To address the limited generalization capability of vision-language models (e.g., CLIP) in cross-domain few-shot image recognition, this paper proposes Consistency-guided Multi-view Collaborative Optimization (CoMuCo). CoMuCo employs a dual-expert architecture to extract complementary vision-language view features and integrates prior-knowledge constraints with an information-geometric consensus mechanism to enforce inter-view consistency regularization. We introduce the first benchmark specifically designed for cross-domain few-shot learning and propose a differentiable collaborative optimization framework. Experiments demonstrate that CoMuCo significantly outperforms state-of-the-art methods across multiple cross-domain few-shot benchmarks, achieving substantial improvements in robustness and generalization under domain shift. These results validate the effectiveness of multi-view collaboration and geometric consistency modeling for cross-domain few-shot recognition.

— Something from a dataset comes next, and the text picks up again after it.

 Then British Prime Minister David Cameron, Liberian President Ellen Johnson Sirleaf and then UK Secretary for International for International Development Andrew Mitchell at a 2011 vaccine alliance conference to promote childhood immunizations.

Vision-language models (VLMs) pre-trained on natural image and language data, such as CLIP, have exhibited significant potential in few-shot image recognition tasks, leading to development of various efficient transfer learning methods. These methods exploit inherent pre-learned knowledge in VLMs and have achieved strong performance on standard image datasets. However, their effectiveness is often limited when confronted with cross-domain tasks where imaging domains differ from natural images. To address this limitation, we propose Consistency-guided Multi-view Collaborative Optimization (CoMuCo), a novel fine-tuning strategy for VLMs. This strategy employs two functionally complementary expert modules to extract multi-view features, while incorporating prior knowledge-based consistency constraints and information geometry-based consensus mechanisms to enhance the robustness of feature learning. Additionally, a new cross-domain few-shot benchmark is established to help comprehensively evaluate methods on imaging domains distinct from natural images. Extensive empirical evaluations on both existing and newly proposed benchmarks suggest CoMuCo consistently outperforms current methods in few-shot tasks. The code and benchmark will be released.